WHAT IS NEEDED:
With the pictures left out, retype exactly the lines below starting at the line that contains "AgeLock TR-90 Green" and ending at the line that contains "The high-density module is".

DATA SUPPLIED:
□ □ □ □ □

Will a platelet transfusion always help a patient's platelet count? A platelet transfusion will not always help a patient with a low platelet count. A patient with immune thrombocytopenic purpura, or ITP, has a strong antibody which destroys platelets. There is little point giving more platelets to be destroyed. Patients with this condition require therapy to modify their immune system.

□ □ □ □ □

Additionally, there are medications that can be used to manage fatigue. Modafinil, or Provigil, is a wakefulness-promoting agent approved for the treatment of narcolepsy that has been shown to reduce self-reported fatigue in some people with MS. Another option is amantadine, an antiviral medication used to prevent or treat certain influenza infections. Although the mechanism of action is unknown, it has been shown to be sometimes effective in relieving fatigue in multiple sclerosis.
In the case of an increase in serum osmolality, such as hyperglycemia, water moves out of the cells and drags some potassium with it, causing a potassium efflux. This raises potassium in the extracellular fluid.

□ □ □ □ □

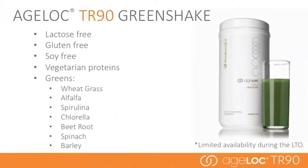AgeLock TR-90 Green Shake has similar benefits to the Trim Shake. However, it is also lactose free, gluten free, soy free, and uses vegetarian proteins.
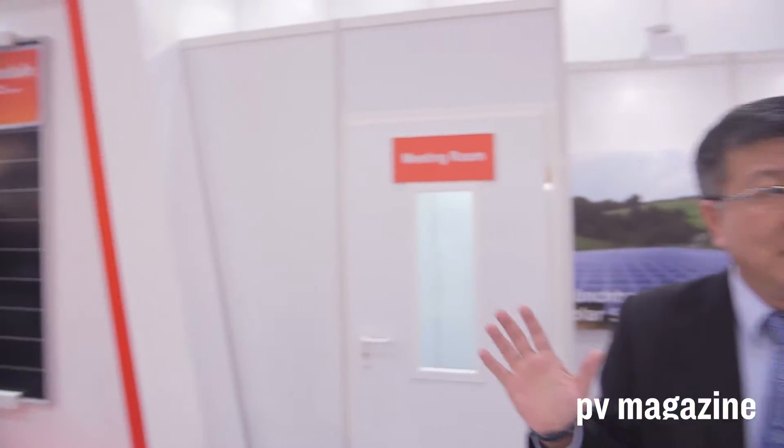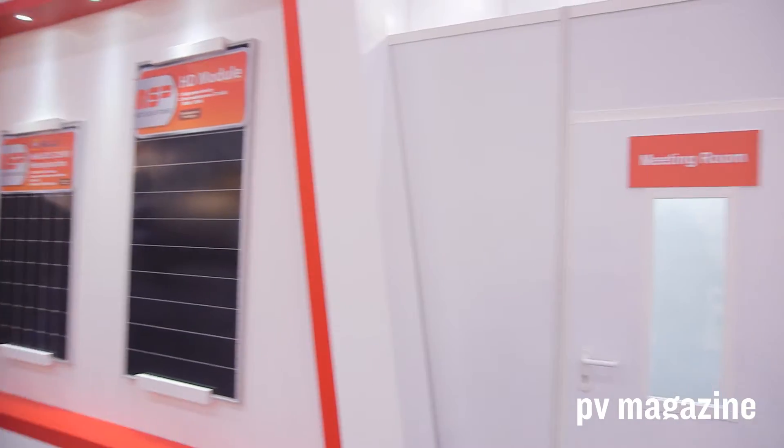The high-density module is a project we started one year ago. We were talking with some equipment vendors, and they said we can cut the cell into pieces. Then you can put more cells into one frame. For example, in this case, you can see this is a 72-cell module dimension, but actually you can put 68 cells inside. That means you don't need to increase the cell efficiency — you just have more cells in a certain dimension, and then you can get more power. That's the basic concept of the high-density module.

□ □ □ □ □

YOUR SOLUTION:
AgeLock TR-90 Green Shake has similar benefits to the Trim Shake. However, it is also lactose free, gluten free, soy free, and uses vegetarian proteins.
The high-density module is a project we started one year ago. We were talking with some equipment vendors, and they said we can cut the cell into pieces. Then you can put more cells into one frame. For example, in this case, you can see this is a 72-cell module dimension, but actually you can put 68 cells inside. That means you don't need to increase the cell efficiency — you just have more cells in a certain dimension, and then you can get more power. That's the basic concept of the high-density module.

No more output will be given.